Example configuration of the monitoring matrix and covered services:
# Mapping of environments to test projects
- env: production_eu-de
monitoring_zone: eu-de
db_entry: apimon.apimon
plugins:
- name: apimon
schedulers_inventory_group_name: schedulers
executors_inventory_group_name: executors
tests_project: apimon
tasks:
- scenario1_token.yaml
- name: epmon
epmon_inventory_group_name: epmon_de
cloud_name: production_eu-de # env in zone has few creds. We need to pick one
config_elements:
- antiddos
- antiddos_skip_bad_type
- as
- as_skip_v1
- bms_skip
- cce_skip_unver
- cce
- ces
- ces_skip_v1
- compute
- css
- cts_skip_unver
- cts
- data_protect_skip
- database_skip
- dcs
- dcs_skip_v1
- dds
- deh
- dis_skip_unver
- dis
- dms
- dms_skip_v2
- dns
- dws
- dws_skip_v1
- identity
- image
- kms_skip_unver
- kms
- mrs
- nat
- network
- object_skip
- object_store
- orchestration
- rds_skip_unver
- rds_skip_v1
- rds
- sdrs
- sfsturbo
- share
- smn
- smn_skip_v2
- volume_skip_v2
- volume
- env: production_eu-nl
monitoring_zone: eu-de
db_entry: apimon.apimon
plugins:
- name: apimon
schedulers_inventory_group_name: schedulers
executors_inventory_group_name: executors
#epmons_inventory_group_name: epmons
tests_project: apimon
tasks:
- scenario1_token.yaml
- name: epmon
epmon_inventory_group_name: epmon_de
cloud_name: production_eu-nl # env in zone has few creds. We need to pick one
config_elements:
- antiddos
- antiddos_skip_bad_type
- as
- as_skip_v1
- bms_skip
- cce_skip_unver
- cce
- ces
- ces_skip_v1
- compute
- css
- cts_skip_unver
- cts
- data_protect_skip
- database_skip
- dcs
- dcs_skip_v1
- dds
- deh
- dis_skip_unver
- dis
- dms
- dms_skip_v2
- dns
- dws
- dws_skip_v1
- identity
- image
- kms_skip_unver
- kms
- mrs
- nat
- network
- object_skip
- object_store
- orchestration
- rds_skip_unver
- rds_skip_v1
- rds
- sdrs
- sfsturbo
- share
- smn
- smn_skip_v2
- volume_skip_v2
- volume
Note that Service Managers or Engineers usually don't need to touch this configuration. Details should be negotiated with Platform Engineers.
The attribute env
defines the target for monitoring (which region is to be monitored). The attribute monitoring_zone
defines the source of monitoring (from which region the monitoring will be triggered).

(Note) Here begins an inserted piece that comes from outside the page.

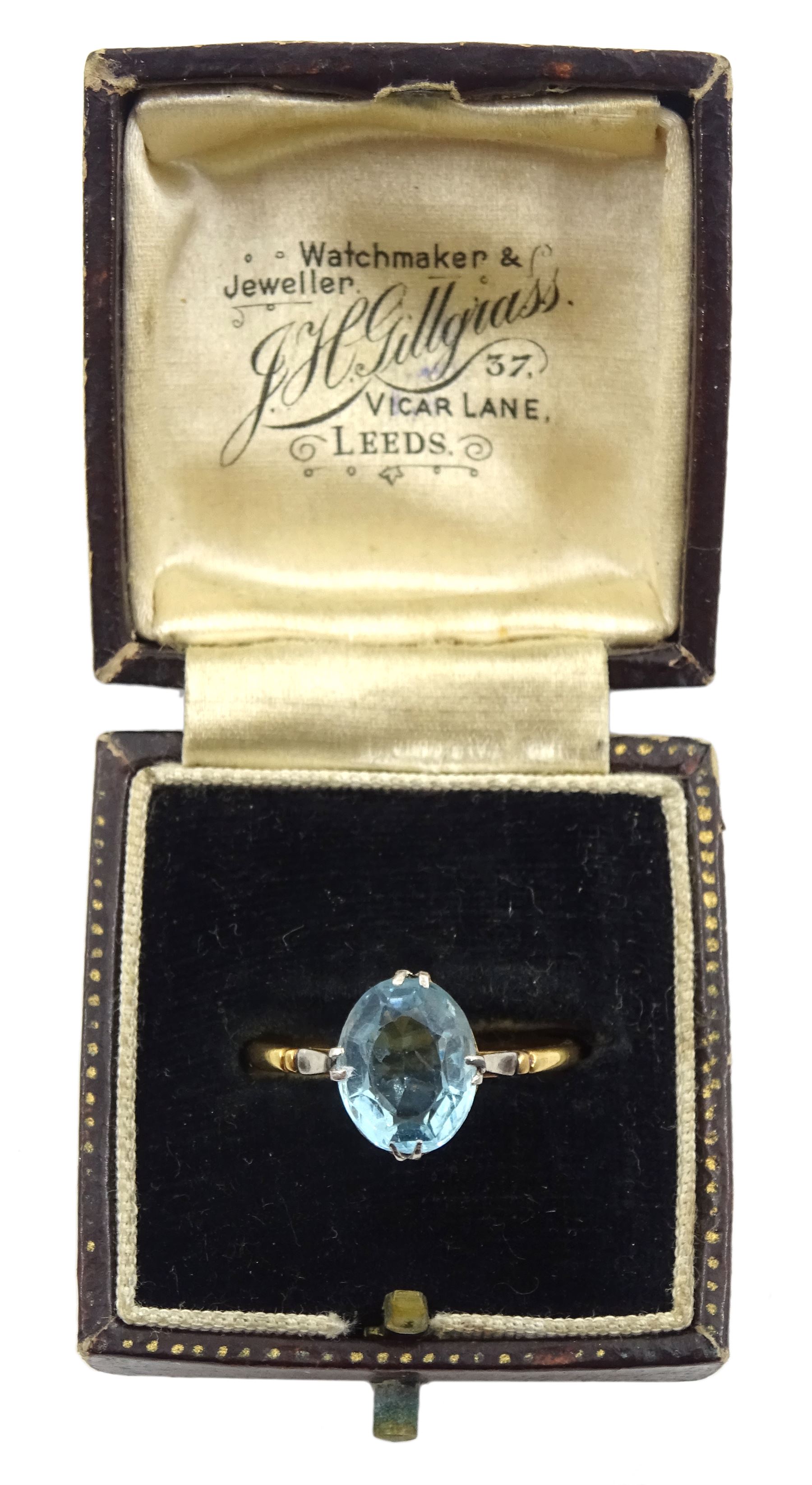 Early 20th century gold single stone blue stone ring, stamped 18ct, makers mark W G & S (possibly William Griffiths & Sons)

Note that this configuration covers not only SD2 component, but also the even more generic Stackmon framework. It is plugin based so additional plugins can be added. Currently two plugins are enabled:
- apimon
- epmon
Apimon plugin triggers scenario-based Ansible playbooks which simulate the customer use-cases including also creation of resources (POST requests). Currently only one scenario is enabled for token authorization (scenario1_token.yaml). As the SD2 only evaluates the HTTP GET metrics other scenarios are not yet enabled. Playbooks are stored on GitHub at:
https://github.com/stackmon/apimon-tests/tree/main/playbooks
The EpMon plugin defines which service entries are used in which specific environment. Services not present in an environment won't have entry in this config as well, respectively.